Cette série de rapports techniques offre une vue détaillée des changements apportés au contenu du Recensement de la population de 2021, étant donné que le processus du recensement évolue constamment pour refléter les changements de la population canadienne et ses caractéristiques démographiques. Pour que le contenu du recensement demeure pertinent, il doit être adapté au climat social et économique actuel de sorte que les données du recensement comblent les besoins en matière d’information des décideurs.
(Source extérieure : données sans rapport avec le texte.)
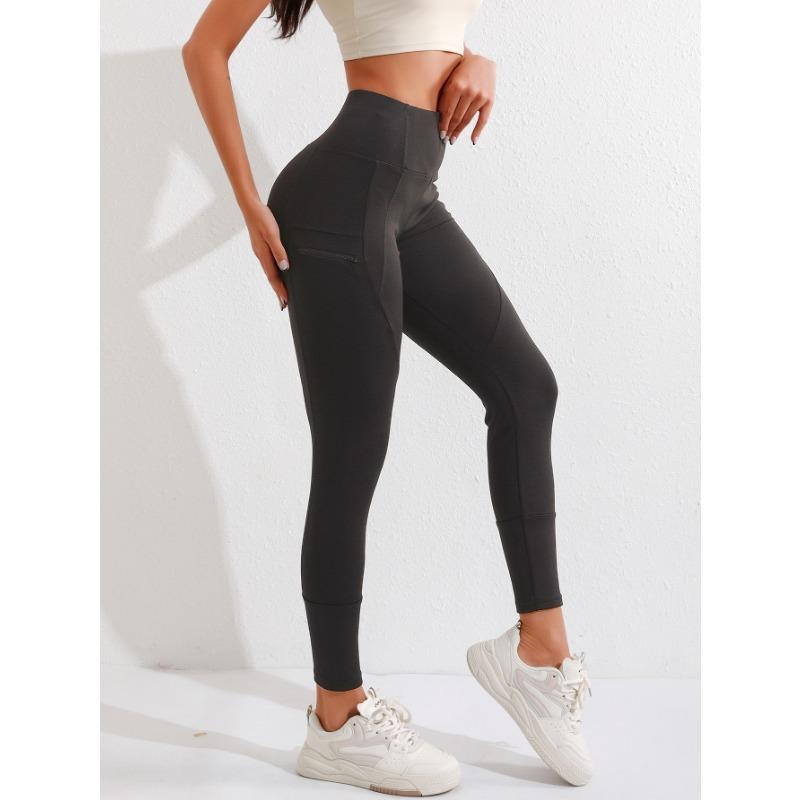 Women S High Waist Slim Fit Fleece Yoga Leggings With Zipper Pockets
Au cours des dernières années, la reconnaissance et la sensibilité du public à l’égard des communautés LGBTQ2 se sont accrues considérablement. À l’heure actuelle, peu de données fiables existent au Canada sur les populations transgenres et non binaires. Avant le début de la collecte du Recensement de 2016, Statistique Canada a commencé à recevoir des commentaires de Canadiens et Canadiennes précisant qu’ils ne seraient pas en mesure de répondre à la question sur le sexe, qui ne comprenait que deux catégories de réponse (femme ou homme), parce qu’aucune de ces catégories ne correspondait à leur réalité.
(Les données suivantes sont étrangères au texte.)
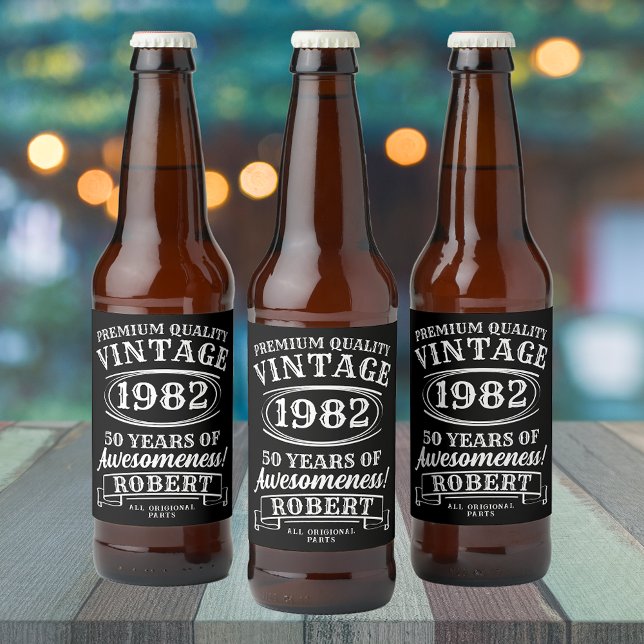 Étiquette Pour Bouteilles De Bière Anniversaire Vintage Personnalisé À La Perfection (Créateur téléchargé)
Pendant la collecte du Recensement de 2016, Statistique Canada a demandé aux Canadiens qui n’étaient pas en mesure de répondre à la question sur le sexe de ne pas fournir de réponse et d’ajouter plutôt un commentaire à la fin du questionnaire expliquant pourquoi ils n’avaient pas répondu à la question. À la suite du Recensement de 2016, Statistique Canada a étudié ces commentaires et a mené de nombreuses consultations auprès d’experts, d’universitaires et de communautés LGBTQ2 pour comprendre les besoins et les défis associés à la production de données fiables sur les populations transgenres et non binaires au Canada, puis a formulé des recommandations sur les modifications à apporter au Recensement de 2021.

La modification du contenu du recensement est un processus complexe comportant de nombreuses étapes, dont la tenue de consultations et la réalisation de tests. Le présent document fournit des renseignements relatifs aux mesures prises par Statistique Canada pour formuler des recommandations sur les modifications à apporter à la question sur le sexe et l’ajout d’une question sur le genre au Recensement de 2021.

2. Contexte canadien

Au cours des dernières années, au Canada, le cadre législatif a changé en ce qui concerne le genre. En juin 2017, le projet de loi C-16 a été officiellement adopté. Celui-ci modifiait la Loi canadienne sur les droits de la personne pour ajouter l’identité de genre et l’expression de genre à la liste de motifs de distinction illicite. Il modifiait également le Code criminel pour ajouter l’identité de genre et l’expression de genre à la définition des groupes identifiables à l’article 318 du Code. Aux articles 318 et 319, on s’appuie sur ces groupes identifiables pour définir les génocides et les crimes haineux.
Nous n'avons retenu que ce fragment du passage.